March 11, 2016

Thoughts on Tableau acquiring HyPer

As it became known [1][2] today Tableau acquires HyPer  -- a small German database company that created a high-speed in-memory hybrid OLTP/OLAP database engine. HyPer was founded by two university professors and has ten PhD students and alumni on board, four of which will be joining Tableau.

HyPer claims to have high performance in both transactional and analytical types of workloads, achievable even on ARM architectures. It uses many smart techniques like virtual memory snapshoting to run long and short queries on the same datasets, one-the-fly compilation of queries into low-level code, adaptive indexing, hot clustering for query parallelization and many others (see  HyPer overview).

Does it mean that Tableau becomes a database company? Apparently no. First, because that's not what they do, and second, because HyPer is rather an academic technology research rather than a market-ready product.

To me this acquisition is very much like Qlik's acquisition of NComVa a few years ago. Let me explain it a bit:

NComVa was a small company that built interactive Javascript data visualizations. From what I understand Qlik Sense to some extent exploits the expertise acquired from NComVa. Qlik is very good at engineering highly optimized data engines, but academic data visualization and user experience is hardly can be counted as their core competence (I'll write a separate post on it). So Qlik needed some "brain injection" that led to birth of Qlik Sense.

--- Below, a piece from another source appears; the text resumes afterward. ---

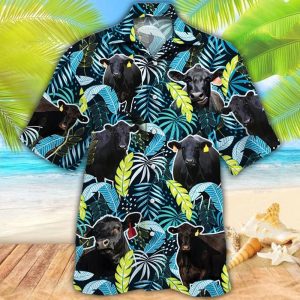 Black Angus Cattle Lovers Jungle Leaves Trendy Hawaiian Shirt, Cow Trendy Hawaiian Shirt For Summer Gifts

With Tableau the situation is opposite -- their competence in data visualization and usability is outstanding, however high-performance in-memory data processing has never been a strong point in Tableau's agenda -- the idea was to piggyback existing relational DBMSes. To remind you, Tableau only recently switched to a 64-bit architecture and introduced multi-threaded query execution for their in-memory engine.

Therefore, the acquisition of HyPer is a long needed "brain injection" of top-notch data processing expertise. And it may change things significantly for Tableau customers, competitors and Tableau themselves.

I would suggest that in 1-2 years (not earlier) Tableau will introduce something like a super-cache -- the ability to hold big amounts of data (up to 1 TB or more) in memory, query it instantly with sub-second response times, and update in real-time.

Interesting questions are: whether it will require data modelling, how data will be loaded, and whether it will scale horizontally. The latter question is the most interesting, because Qlik, the closest Tableau's competitor, doesn't scale horizontally meaning that a single dataset can't be split across several nodes that are queried in parallel. HyPer hints at distributed data processing, so it could be possible that the "super-cache" will scale horizontally, which can be a big deal.

All in all, the acquisition is an intriguing twist of story. It will be interesting to see how it unfolds.